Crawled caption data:

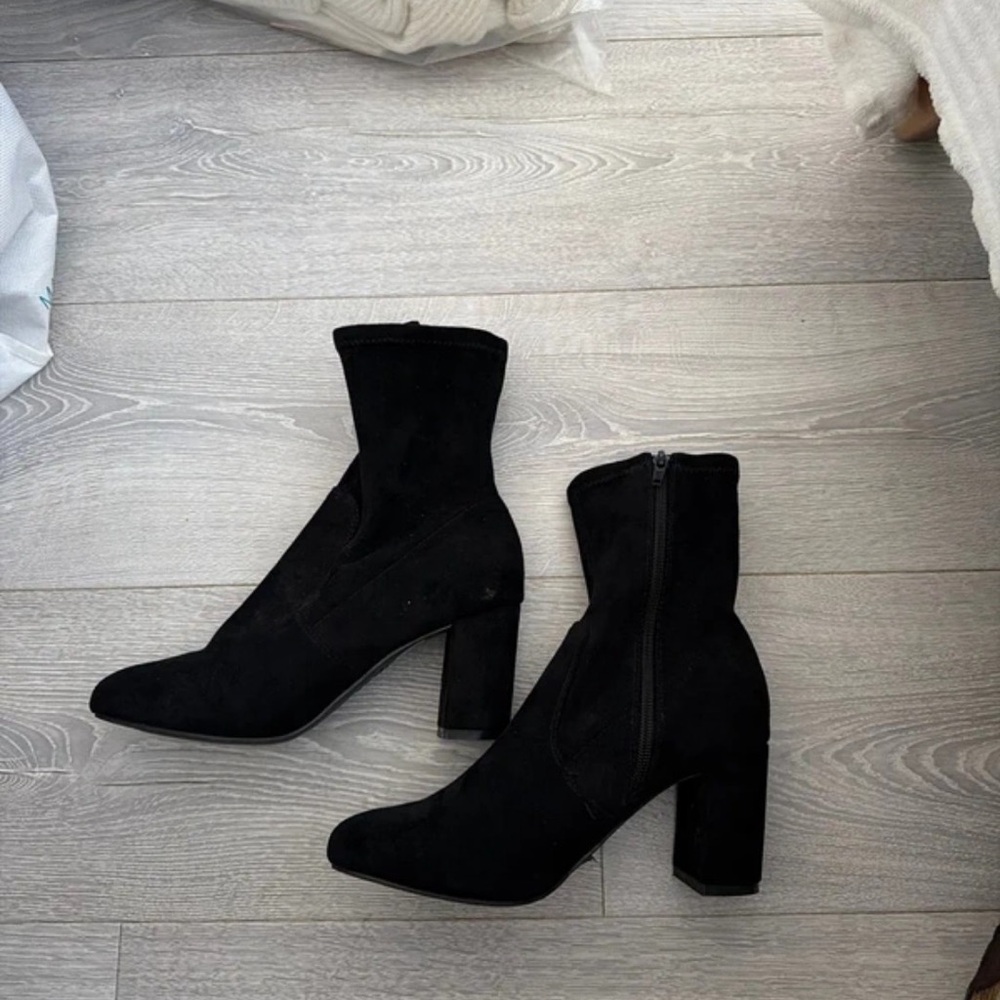 New Look Chic Black Suede Heeled Boots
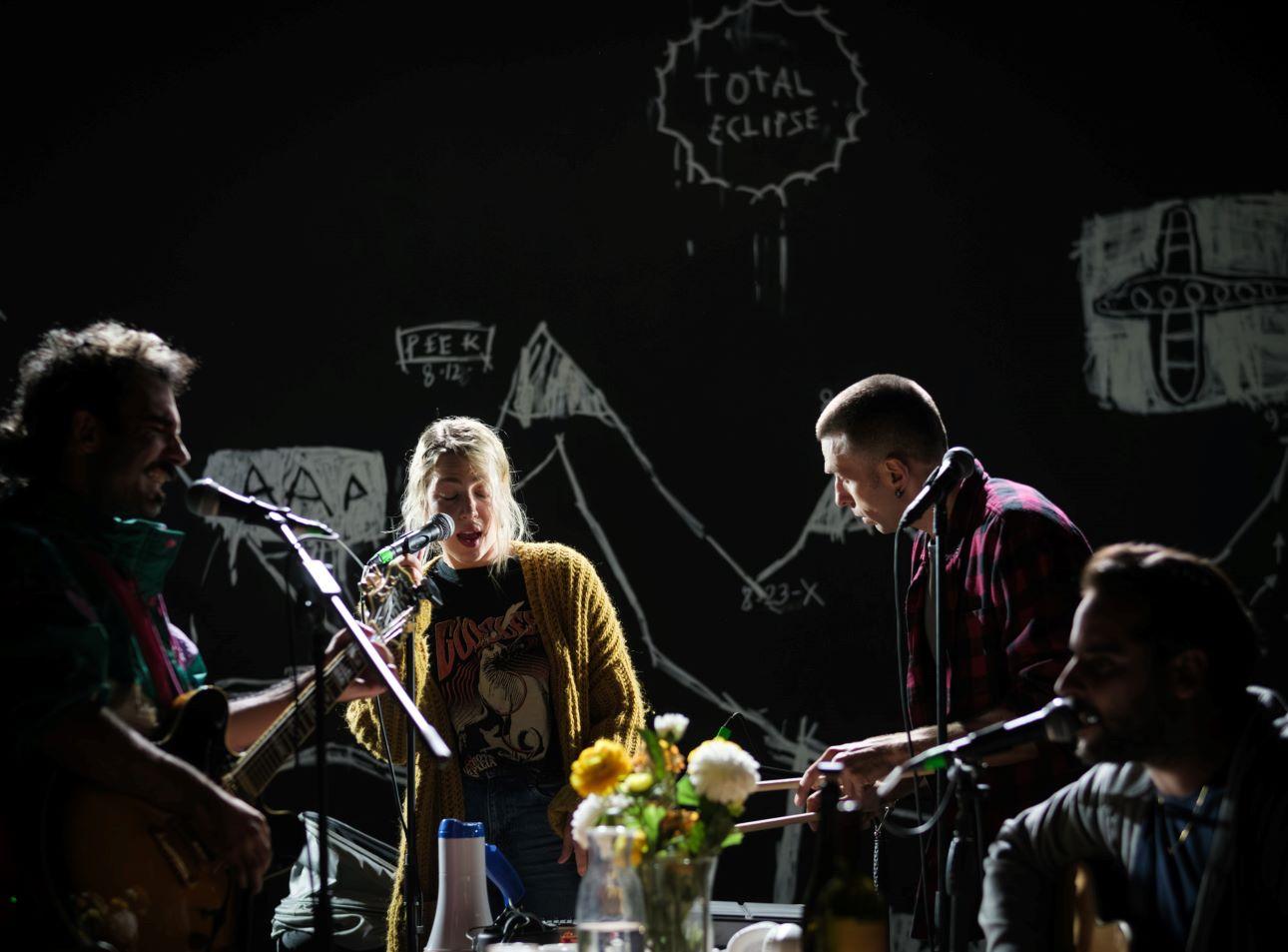 Σκηνή από την παράσταση/ Φωτογραφία: Πατροκλος Σκαφιδάς 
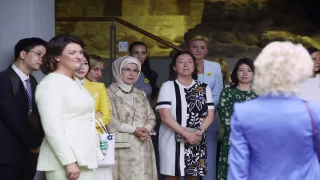 Emine Erdoğan, lider eşleriyle ”Ukraynalı Çocuk, Kadın ve Gençlerle Buluşma Programı”na katıldı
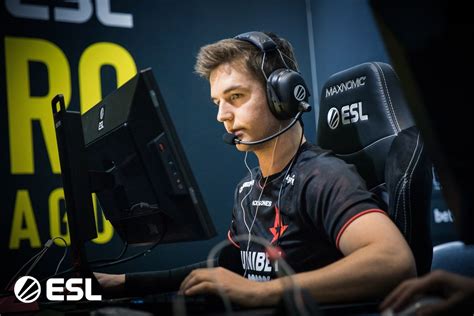 tabsen crosshair  Widely considered as one of the greatest and most accomplished CS:GO players of all time, he has won a record 21 HLTV MVP medals, a Major and an Intel Grand Slam trophy, among other numerous S-Tier trophies, and has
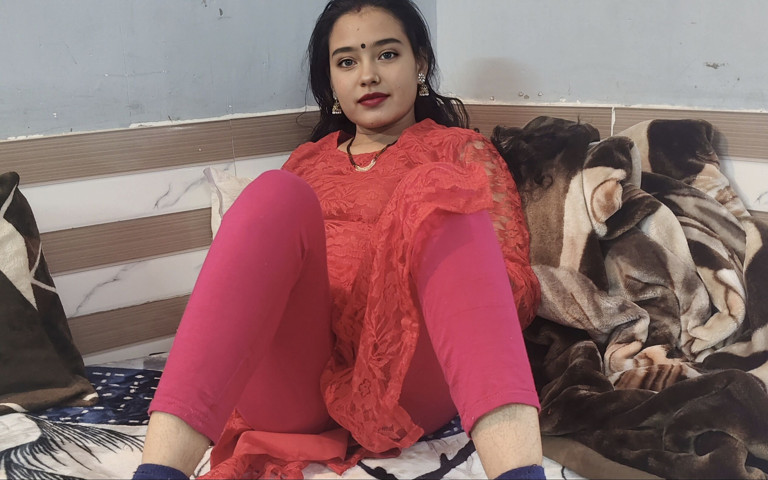 Nokrani Ko Malik Ke Ladke Ne Choda (Your Simran) Nokrani Ko Malik Ke Ladke Ne Choda (Your Simran)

INSTRUCTIONS TO FOLLOW
Copy exactly the lines that run from the one containing "trophies, and has" to the last line of the records, both included, and leave out every picture.

OUTPUT OF THE TASK
 tabsen crosshair  Widely considered as one of the greatest and most accomplished CS:GO players of all time, he has won a record 21 HLTV MVP medals, a Major and an Intel Grand Slam trophy, among other numerous S-Tier trophies, and has
 Nokrani Ko Malik Ke Ladke Ne Choda (Your Simran) Nokrani Ko Malik Ke Ladke Ne Choda (Your Simran)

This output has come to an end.